Not for me. I wasn’t expecting it, but I’m always ready for a mock-punch. For her. Because she’s used to being the crazy one, used to getting reactions out of other people. It’s her game; she doesn’t expect other people to play it. She wouldn’t, for instance, be the slightest bit ready for me to block her incoming hand mid-way and make my own mock-thrust toward her abdomen. Not only would she be caught completely off guard, she probably wouldn’t know what to make of it. What she doesn’t realize is that I do this with my brothers all the time, and that this is as natural for me to do with them as it is to say good-morning. Sometimes I say good-morning at the same time as taking a whack at them, come to think of it. (Or responding to their incoming hand, if they happen to beat me to it.)

She’s never ready.

She’s not ready, when she complains for the third time (the first two times being responded with sympathetic noises) that she really doesn’t want to see this next patient and I tell her, “What do you want me to do about it? Buy you a balloon?”

She’s not ready, when she tries to get a rise out of me when I’m leaving to go home and she demands to know where I think I’m going, and I tell her “California. It’s warmer there.”

She’s not ready, when she sees me leaning over to clean an exercise ball, and prepares to bump into me on the way past. . .only I see her coming and deliberately bump into her first. (You should have seen how big her eyes got!)

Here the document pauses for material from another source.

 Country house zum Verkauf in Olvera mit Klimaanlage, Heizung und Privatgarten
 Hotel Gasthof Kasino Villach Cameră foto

Oh, she bounces back. But before she can get out her smart-aleck response, there is always a fleeting few seconds of shock on her face, unaccustomed to having to actually parry. No one else seems to know the proper response to her utter nonsense, and she’s grown used to catching people off guard, leaving people stammering for words, and generally causing people to throw up their hands and say “Heaven help me!” It amuses her endlessly.

I believe what she has yet to fully comprehend is that I have nine brothers. It is a fact that she technically knows, but does not yet realize it’s implications. (Among other things, it’s probably not wise for her to dish out to me what she is not prepared to have automatically returned in kind.) For my part, I agree with her; it is fun catching people off their guard.